▶ **DATA EXTRACT**
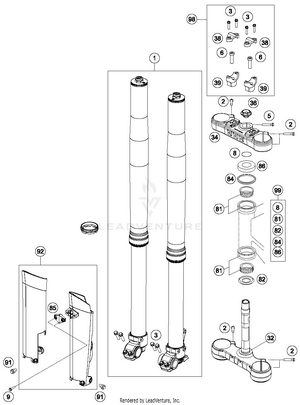 Front Fork, Triple Clamp Schematic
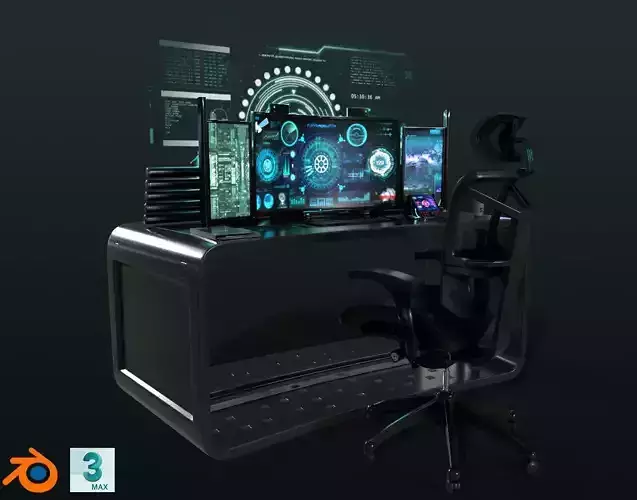 Control panel desk 3D model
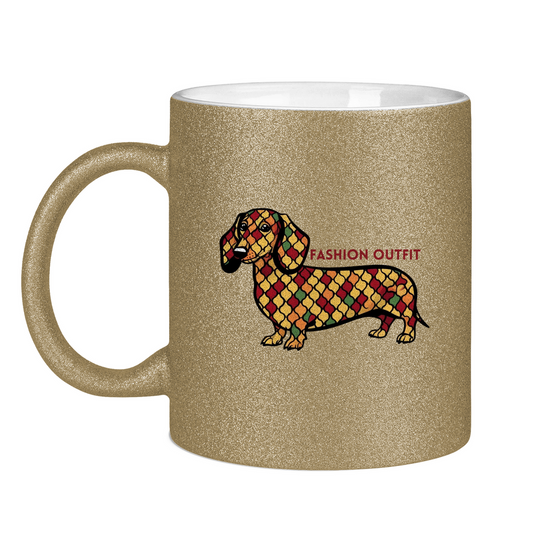 Glitzertasse Damen Shirt mit Dackel Leo Motiv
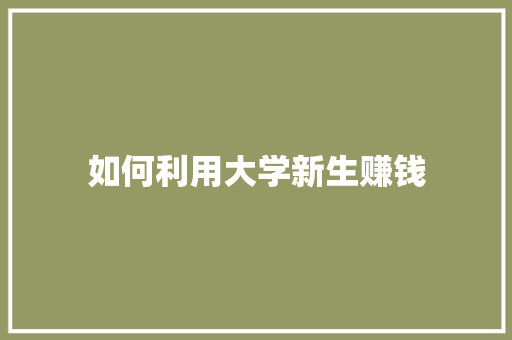 如何利用大学新生赚钱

▶ **PROBLEM STATEMENT**
Please return only the lines from the one holding "Control panel desk 3D model" through the end of the data, both ends included; do not copy any pictures.

▶ **TASK OUTPUT**
 Control panel desk 3D model
 Glitzertasse Damen Shirt mit Dackel Leo Motiv
 如何利用大学新生赚钱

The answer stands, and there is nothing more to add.